Netherlands ashamed it couldn't protect Srebrenica: Foreign Min. at 30th anniversary
“We feel ashamed. We, the international community, have failed to protect them,” caretaker Minister Caspar Veldkamp of Foreign Affairs said in Srebrenica in Bosnia and Herzegovina on Friday, where thousands gathered to commemorate the 1995 genocide. Today marks the 30th anniversary of the murder of over 8,000 Muslim men and boys. Veldkamp represented the Netherlands, NOS reports.
“I feel ashamed that the Netherlands, as part of that community, bears a moral and political responsibility for failing to prevent the genocide,” Veldkamp said, addressing the bereaved families. Dutch UN troops stationed in Srebrenica, which was supposed to be a safe enclave, could not prevent the massacre.

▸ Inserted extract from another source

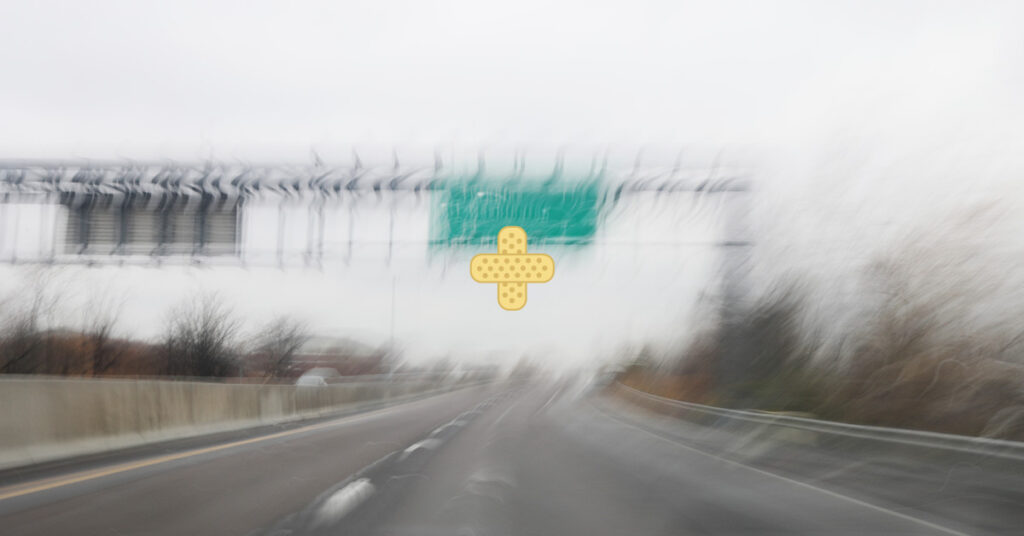 blurry image of NJ highway road sign simulating Uber drivers causing accidents in NJ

Veldkamp reiterated his deepest apologies on the Netherlands’ behalf. “I understand that these words cannot change the bitter reality of your loss.” Then-Minister Kajsa Ollongren officially apologized on the Netherlands’ behalf for the first time in 2022.
The 30th anniversary of the Srebrenica genocide will also be commemorated in the Netherlands with the placement of a “site marker.” A stone containing 8,372 small stones taken from Srebrenica’s gravestones will be placed on Churchillplein in The Hague.
The number of stones equals the number of boys and men killed in the genocide. And it is placed at the site of the former Yugoslavia Tribunal. A National Monument will eventually be built there.
Before attending the commemoration in Srebrenica, Veldkamp told NOS that he remains strongly committed to a permanent monument in the Netherlands. “We feel the shared responsibility of the Netherlands for the failure of 1995.”